6 posts
Page 1 of 1
I seem to remember reading a tip about feeding an audio track into another audio track to create a DI track.
I can’t seem to find that article anymore.

Mac Mini (Late 2014)
Processor: 3.0 GHz Intel Core I7
Memory: 16 GB
Presonus. Studio One Pro V6
Presonus Quantum
Hardware DBX 160a
Hardware DBX 160XT
GA. LA2A (clone)
GA. LA3A (clone)
WA76 1176 (clone)
WA EQP Pultec (clone)
WA 73 Neve (clone)
Softube. Console 1 MK3 (pending)
Presonus. Faderport 8 (dual)


"God's grace" :D
User avatar
by Jemusic on Mon Jul 26, 2021 4:07 pm
Create an audio track as normal and set its input source to the desired input. Now create a second audio track. With its input source settings you will see the first track you just created as an input source option under Tracks.

So the first track will now feed into the second track. You can record on both at the same time. But they will only record the same single input source you set for the first track.

Not sure what you mean about DI track though. If you are wanting to record an instrument say via microphone and a DI at the same time you will need two tracks and each of them will need to be set for its own input source. eg one for the microphone and the other for the DI signal.

Specs i5-2500K 3.5 Ghz-8 Gb RAM-Win 7 64 bit - ATI Radeon HD6900 Series - RME HDSP9632 - Midex 8 Midi interface - Faderport 2/8 - Atom Pad/Atom SQ - HP Laptop Win 10 - Studio 24c interface -iMac 2.5Ghz Core i5 - High Sierra 10.13.6 - Focusrite Clarett 2 Pre & Scarlett 18i20. Studio One V5.5 (Mac and V6.5 Win 10 laptop), Notion 6.8, Ableton Live 11 Suite, LaunchPad Pro
User avatar
by Tacman7 on Mon Jul 26, 2021 6:07 pm
Trying to think what I'd do with two audio tracks setup like that...

Could you record two versions of your vocal? One with printed pitch correction, one without?

No that don't seem right, what's the purpose of this setup?

So any fx you put in the first track would be printed to the second track right?

So you wouldn't put your pitch correction in the inputs you would put it on the first track.

Then the second track would record it.

I have to try that. Sometime you get sounds during recording that don't happen on playback.

Phase things with the pitch but when you play it back it's just the corrected version.

Forum Moderator.
Please add your specs to your SIGNATURE.
Search the STUDIO ONE 6 ONLINE MANUAL. Access your MY.PRESONUS account.
OVERVIEW of how to get your issue fixed or the steps to create a SUPPORT TICKET.
Needs to include: 1) One Sentence Description 2) Expected Results 3) Actual Results 4) Steps to Reproduce.
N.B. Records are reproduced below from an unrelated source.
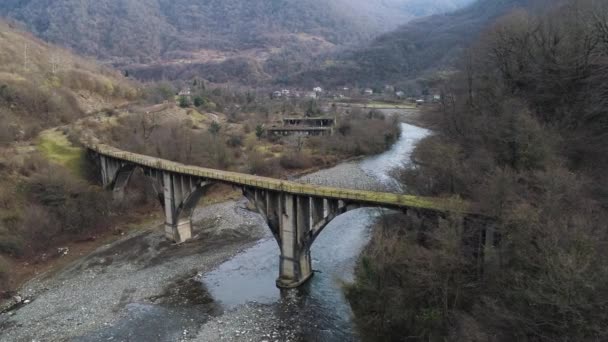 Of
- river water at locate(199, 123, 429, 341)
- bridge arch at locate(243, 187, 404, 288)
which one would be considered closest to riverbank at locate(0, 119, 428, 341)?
river water at locate(199, 123, 429, 341)

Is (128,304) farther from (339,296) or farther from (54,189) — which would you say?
(54,189)

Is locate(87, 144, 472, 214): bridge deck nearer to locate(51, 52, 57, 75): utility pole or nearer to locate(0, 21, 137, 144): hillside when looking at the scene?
locate(0, 21, 137, 144): hillside

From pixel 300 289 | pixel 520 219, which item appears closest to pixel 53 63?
pixel 300 289

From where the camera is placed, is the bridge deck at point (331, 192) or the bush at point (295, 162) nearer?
the bridge deck at point (331, 192)

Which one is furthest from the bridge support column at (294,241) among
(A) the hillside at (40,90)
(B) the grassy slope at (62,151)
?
(A) the hillside at (40,90)

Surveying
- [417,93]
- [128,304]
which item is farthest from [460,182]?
[417,93]

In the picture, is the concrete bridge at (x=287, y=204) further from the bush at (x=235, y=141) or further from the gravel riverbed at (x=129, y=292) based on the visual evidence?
the bush at (x=235, y=141) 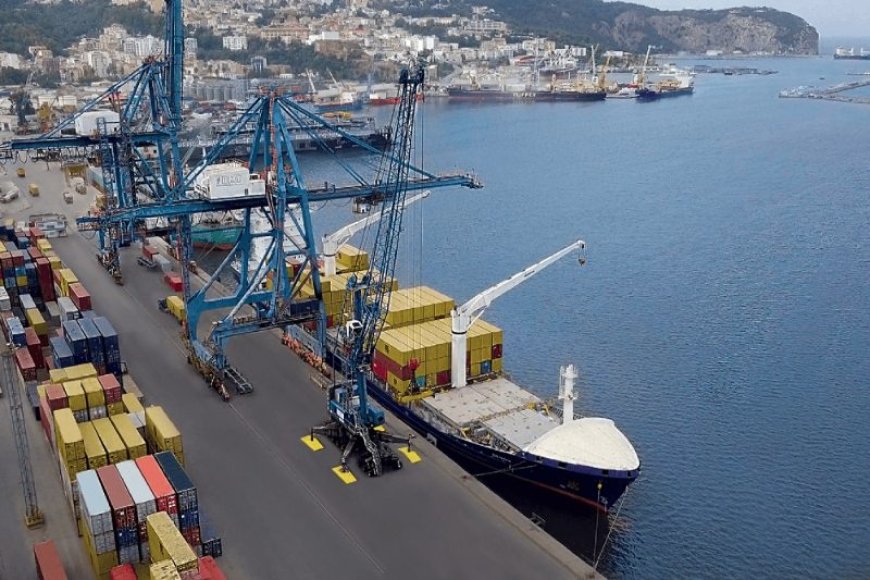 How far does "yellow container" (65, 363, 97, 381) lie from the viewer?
28.7m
Studio OnePro6 Melodyne Studio
Win10 Ryzen 5 3600 - Motu M2
Ventura Mac Mini M2 - Zen Go TB
User avatar
by frank.crow on Tue Jul 27, 2021 7:58 am
My purpose here is to end up with a Bass DI when only an amp track was provided.

I prefer to start with a clean Bass DI and then duplicate it. I then sculpt the sound by adding an amp sim track that is only as dirty as I want it to be, a saturation track and then blend to taste.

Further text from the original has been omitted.